Über 40 Schaustücke in der Unteren Stadtkirche:
Eine Krippe aus recycelten Reifen, Maria, Josef und das Christuskind aus Strandgut, eine Szene mit Früchten und frisch gewachsenen Kräutern, die das neue Leben und die Auferstehung symbolisiert – viele innerlich bewegende und zum Nachdenken anregende Überraschungen erwarten die Besucher der Unteren Stadtkirche in Wetzlar noch bis zum 3. Advent. Auch einige großformatige Fotos sind ausgestellt.
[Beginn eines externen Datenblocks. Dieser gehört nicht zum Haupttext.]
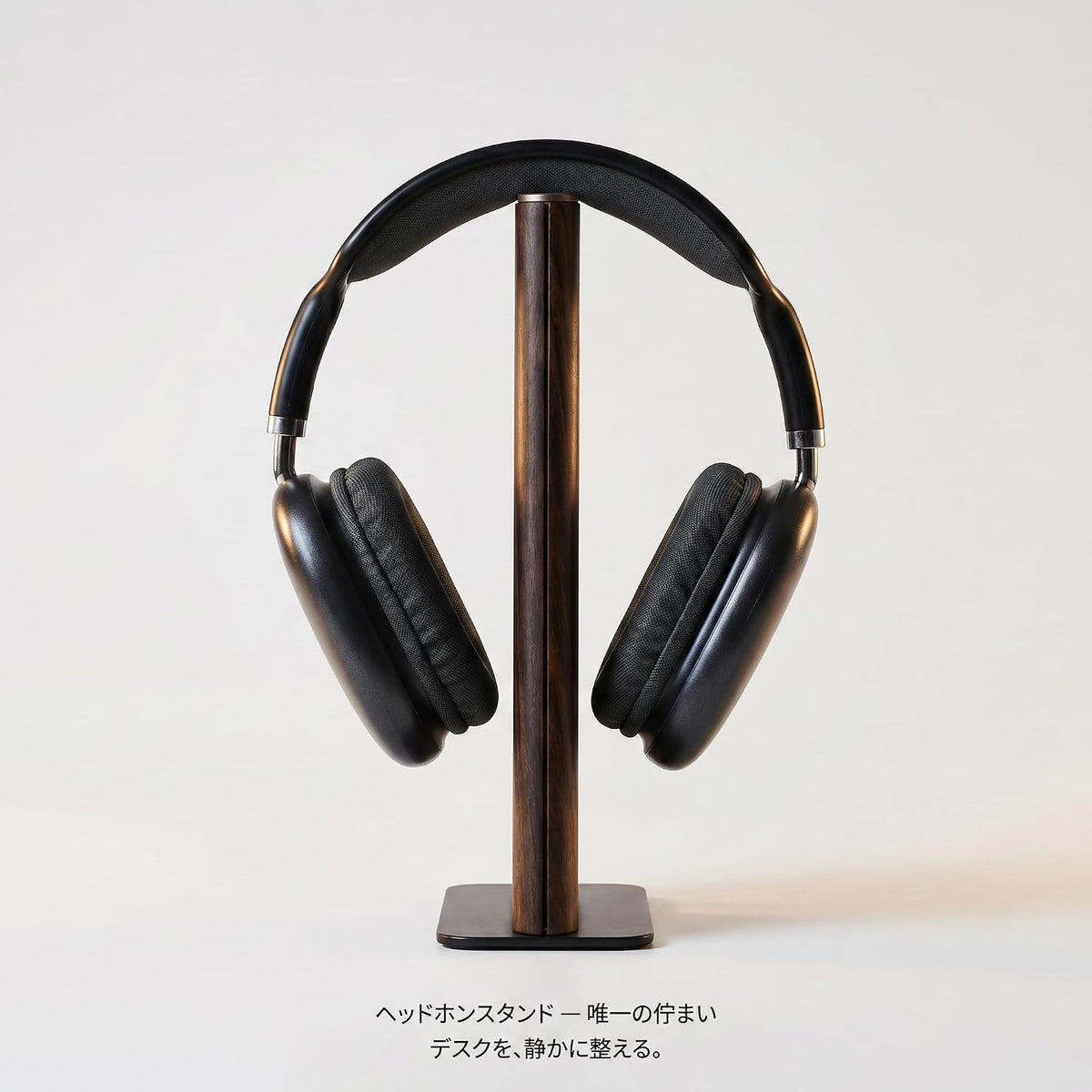 Gunking Headphone Stand with Floating Arc Design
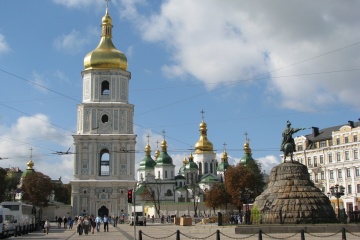Київ — 173-й у рейтингу міст: випередив Санкт-Петербург, але... не наздогнав Єреван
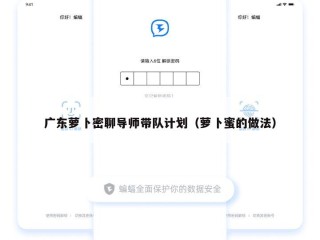 广东萝卜密聊导师带队计划（萝卜蜜的做法）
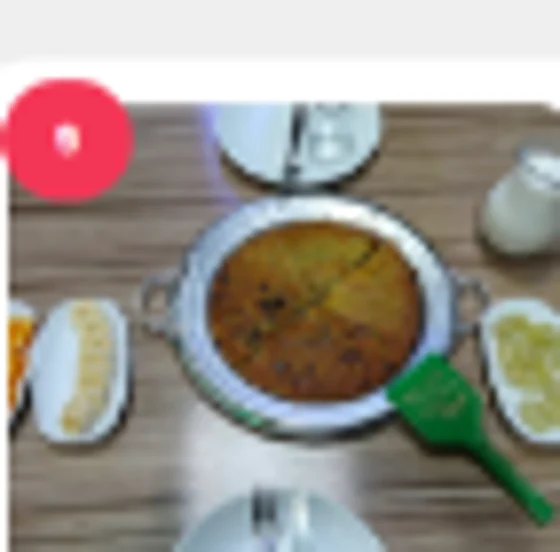 Şehri Mozaik Künefe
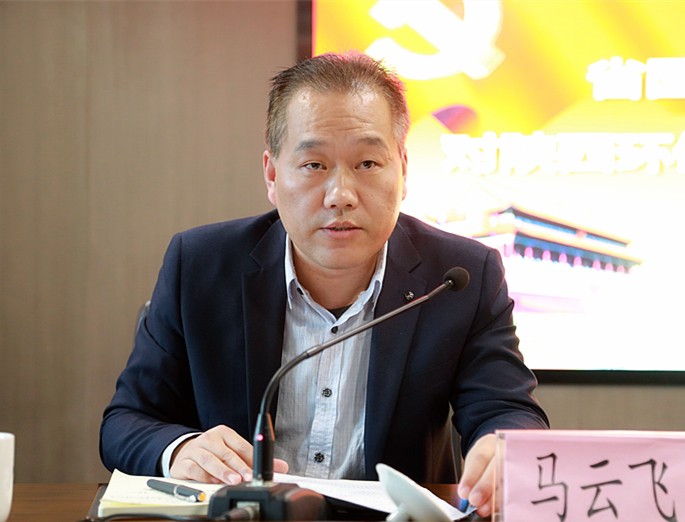 省国资委党委第三巡察组巡察平博集团党委事情发动会召开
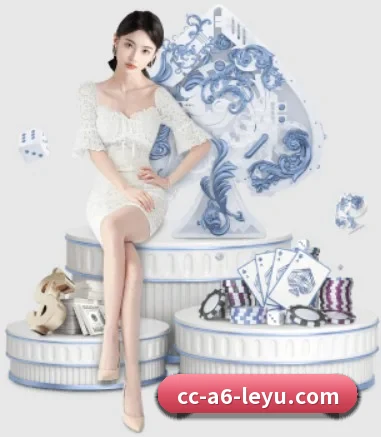乐鱼平台 APP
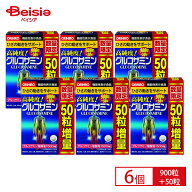 ＜数量限定 増量＞ オリヒロ グルコサミン粒 900粒+50粒×6個セット | 高純度 機能性表示食品 高品質 ひ…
Es sind Darstellungen aus ganz unterschiedlichen Materialien: aus Ton, Kork, Jute oder Steinen, winzig klein, die weihnachtliche Szene als Block oder mit zahlreichen Einzelfiguren.
Mehr als 40 Krippen aus Portugal und Spanien hat die in Waldgirmes lebende Annedore Reinstädtler aus ihrer reichhaltigen Sammlung von insgesamt fast 200 Schaustücken ausgewählt um sie einem interessierten Publikum zu präsentieren. Die 63-Jährige führte kurz vor der Eröffnung der Wetzlarer Weihnachtsmärkte ihre wissbegierigen Besucher durch die fantasievoll und lebendig gestaltete Ausstellung. Dabei beantwortete die Mitarbeiterin in der Schul- und Gemeindebücherei Atzbach viele Fragen zu den Materialien, zur Bedeutung der unterschiedlichen Szenen und der Besonderheiten der Traditionen in Portugal und Spanien. Seit mehr als 25 Jahren sammelt Annedore Reinstädtler, die mit ihrem Mann Gerold Reinstädtler jedes Jahr im Winter und im Sommer nach Portugal reist, die unterschiedlichsten Schaustücke. Manche Szenen hat sie auch selbst angefertigt – so eine Krippe aus am Strand gefundenen Muscheln oder eine aus landwirtschaftlichem Gerät.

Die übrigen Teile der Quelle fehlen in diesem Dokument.